DIRECTIONS
Reproduce verbatim all of the data given below, but do not carry over the images.
━━━━━ DATA BELOW
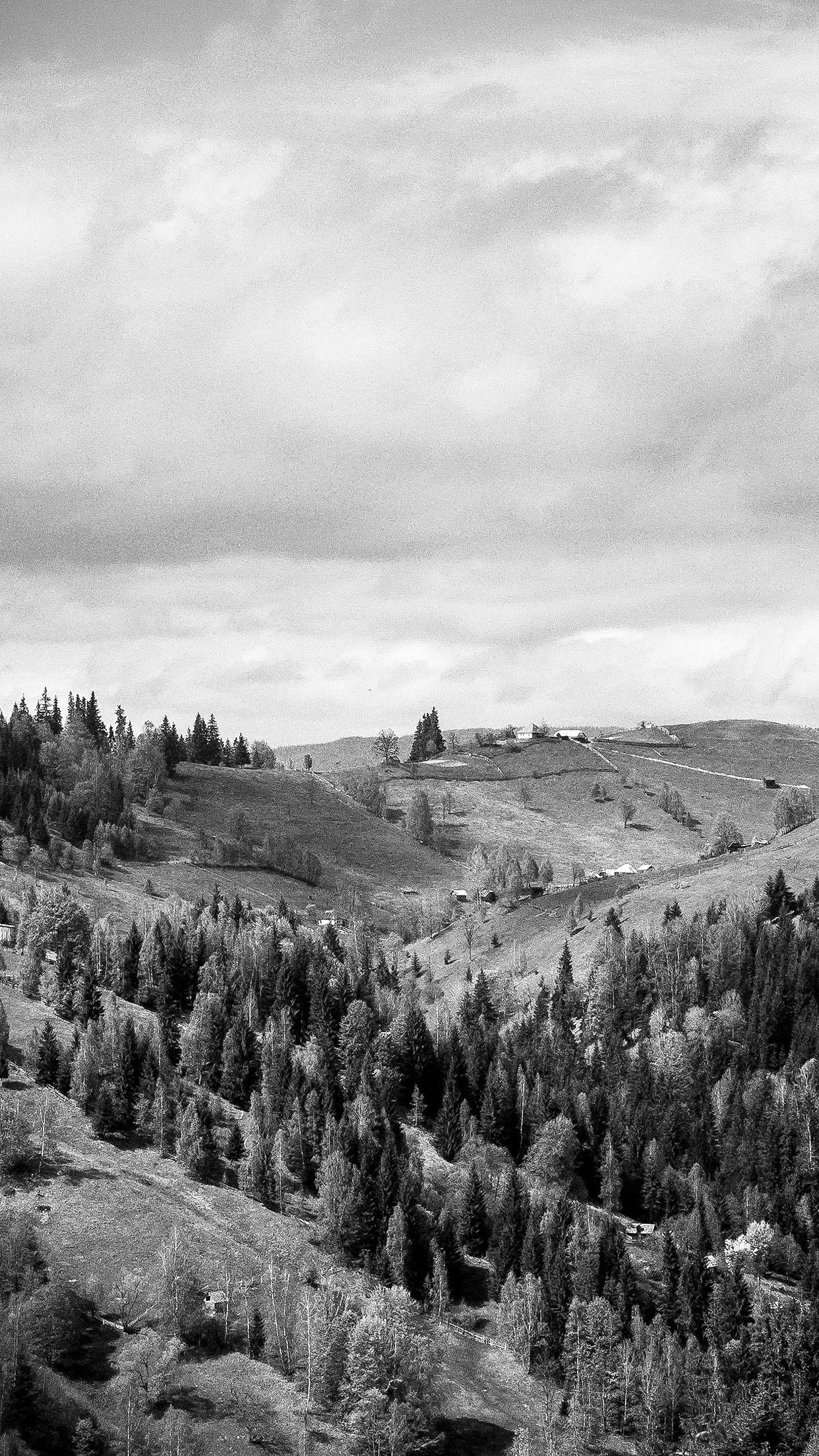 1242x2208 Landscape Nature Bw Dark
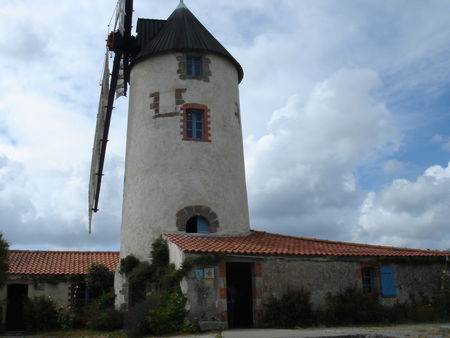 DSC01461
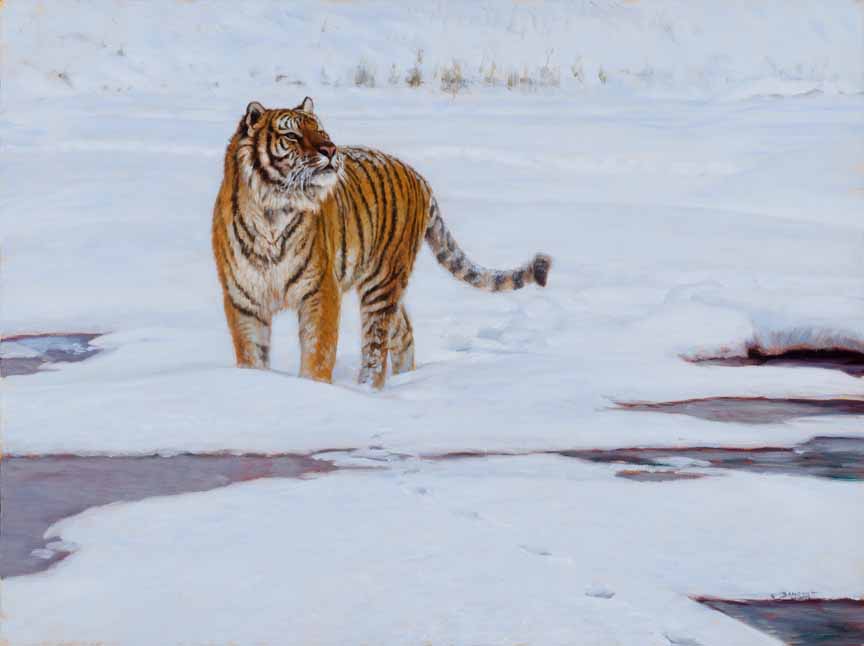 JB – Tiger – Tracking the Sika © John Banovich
━━━━━━━━━━
EXPECTED OUTPUT
 1242x2208 Landscape Nature Bw Dark
 DSC01461
 JB – Tiger – Tracking the Sika © John Banovich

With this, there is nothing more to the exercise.